More Holidays 

 
 

That's where we stayed. Behind the olive tree on the left was an outdoor, freshwater shower. After a long day's swimming, it was good to return to the shower and luxuriate under the cool water. 

The children loved the water; for hours at a time they swam and dived for shells and sea urchins. The water was salty but clear. 
 

 
 
Although there was a heat wave in Athens with temperatures of 45-46C, we spent two days there visiting the Plaka area of the Acropolis with our friend and guide (the charming and beautiful Isidore, the youngest ever female Greek civil judge, soon to be made President of the Court, well known for her work on human rights, lately concerned with children's rights); the Archaeological museum which contains treasures from Mycenae, frescos from Santorini, the bronze masterpeice, The God of the Sea, or Poseidon, found on the sea bed in 1928; and of course the Acropolis itself and the greatest temple in the world, the Parthenon. 

 

Hundreds of tourists clambered over the worn and slippery marble slopes around the Parthenon. Athens is a noisy city and it is difficult to imagine what it must have been like over 2,000 years ago without the constant traffic and aircraft noise - one imagines a kind of Arcadian paradise.
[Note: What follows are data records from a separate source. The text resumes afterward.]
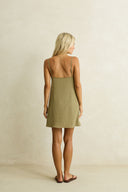 RHYTHM LINEN LACE SLIP MINI DRESS - OLIVE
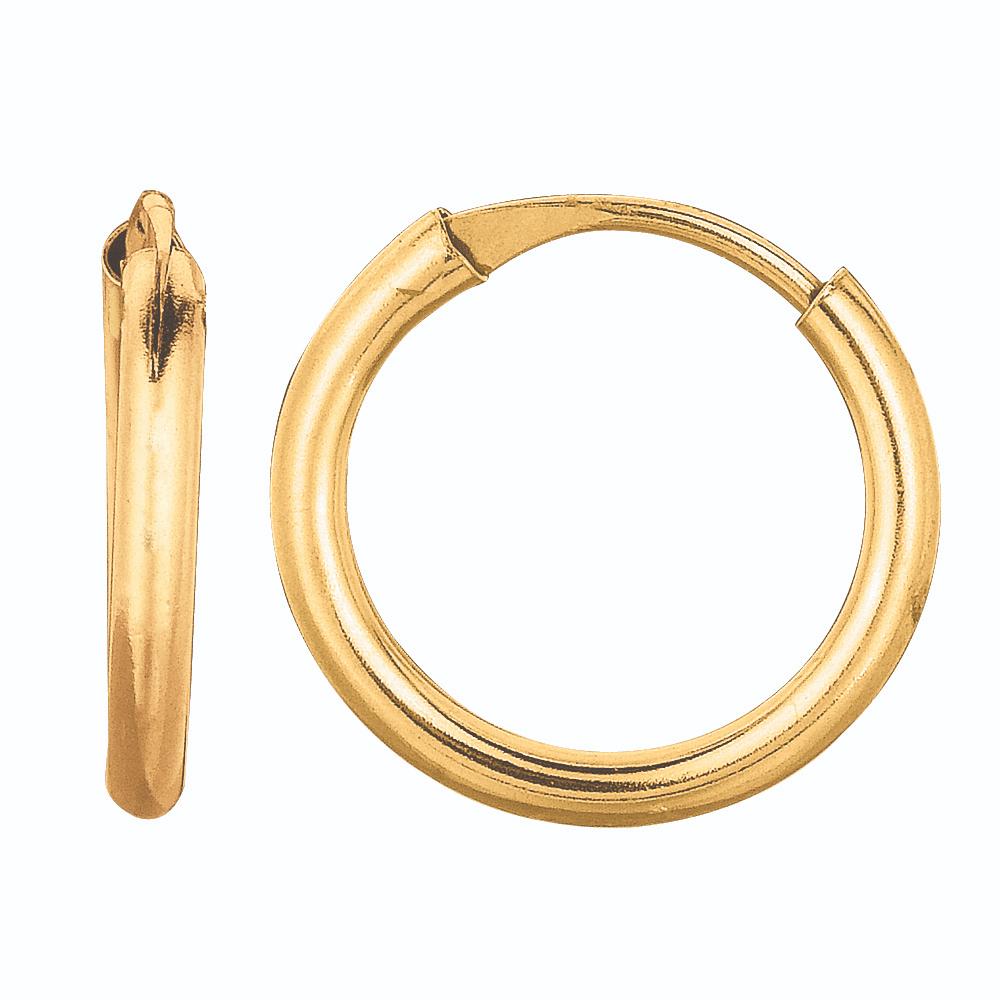 14K Gold 1x10mm Endless Hoop Earrings for Women - Classic Minimalist Huggie Hoops - Perfect for Everyday Wear, Work & Special Occasions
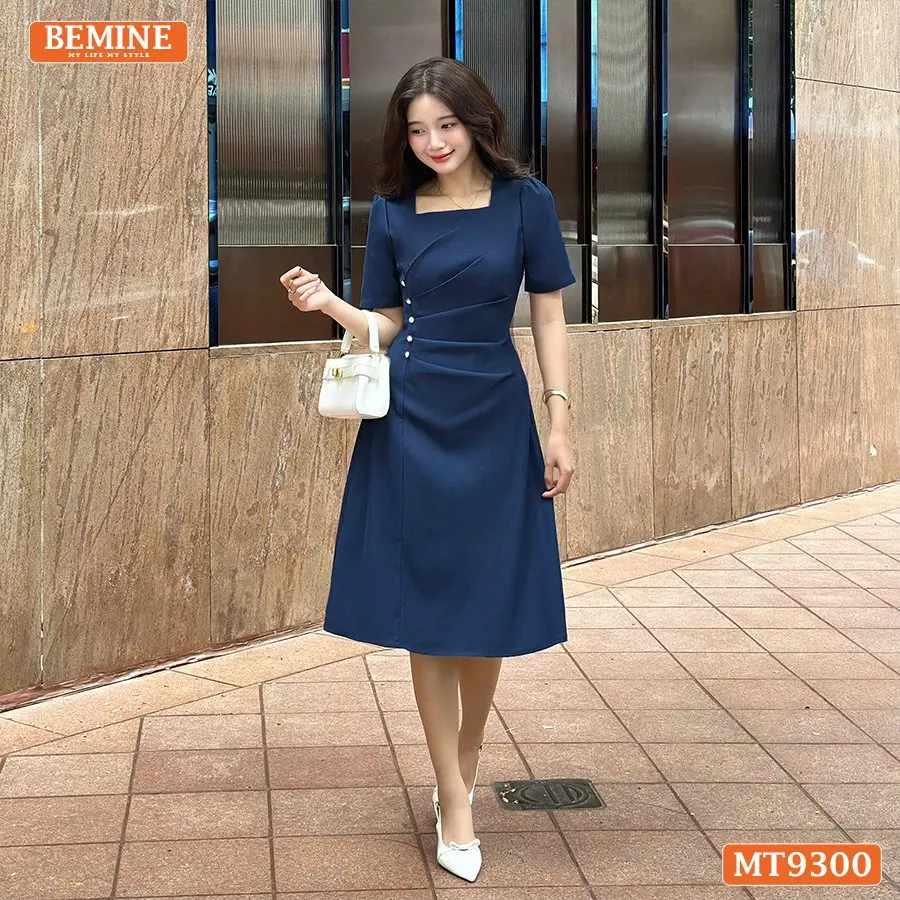 Đầm thiết kế BEMINE cổ vuông tùng xòe dáng A phù hợp đi làm, đi chơi và đi tiệc dành cho Nữ MT9300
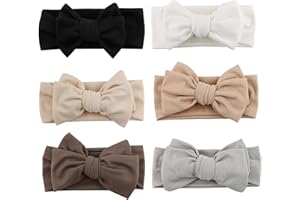 Toddler Headband, Baby Headbands with Bow, 6PCS Stretchy Cotton Baby Hair Bow, Colorful Soft Newborn Bows, 6.9x3.4 inch Toddl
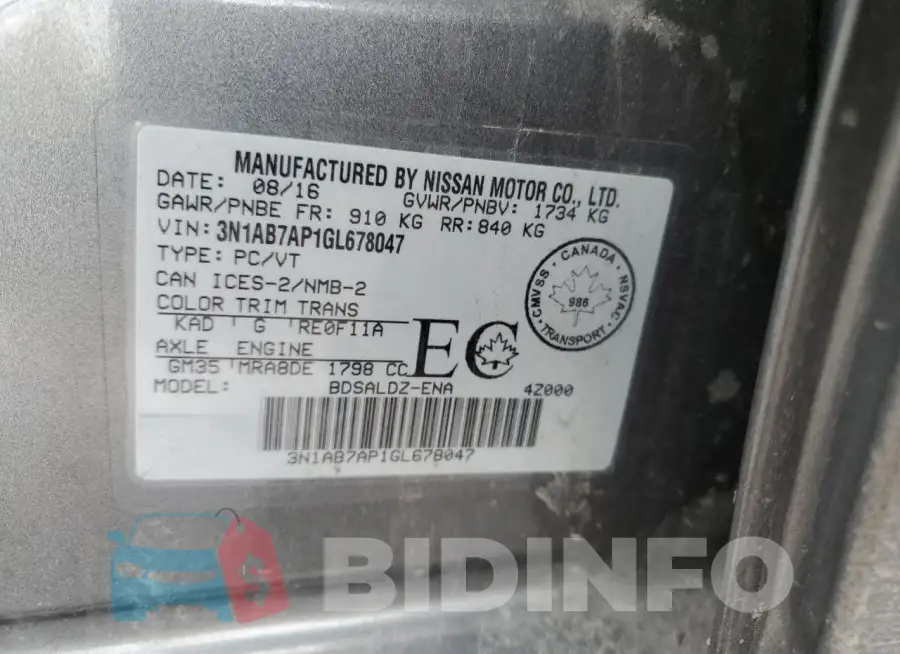 3N1AB7AP1GL678047 Photo# 12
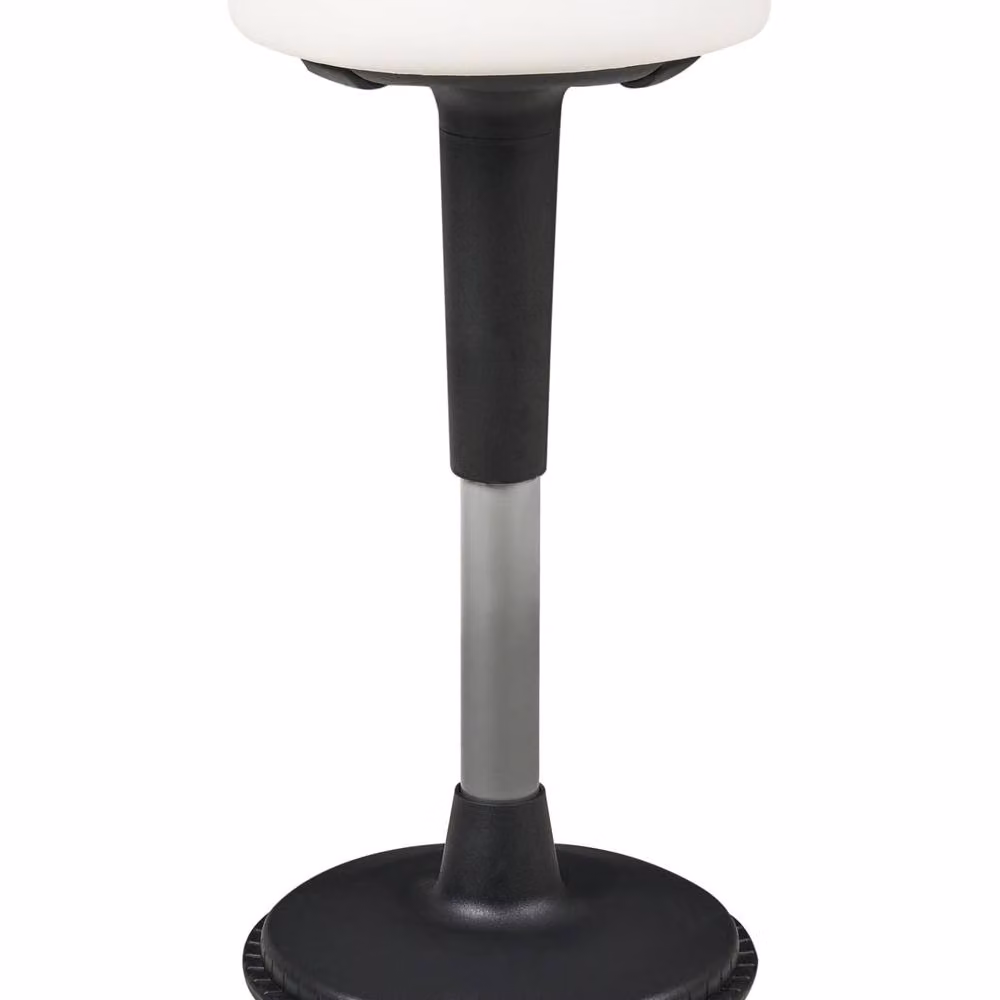 Wyld and Coco Wobble Stool in White Faux Leather with Metal Frame – 2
The ancient Greeks knew how to choose the best places to site their temples and marble homages to their gods. 

On the 11th August the skies dimmed for a couple of hours but otherwise the eclipse passed as something of a non-event. The sun came back with vigour and strength a few hours later. Helios the sun god assumed mastery again, and Apollo's lips were sunlit. 

Under the Attic sky, the marble ruins glowed again with a glorious light.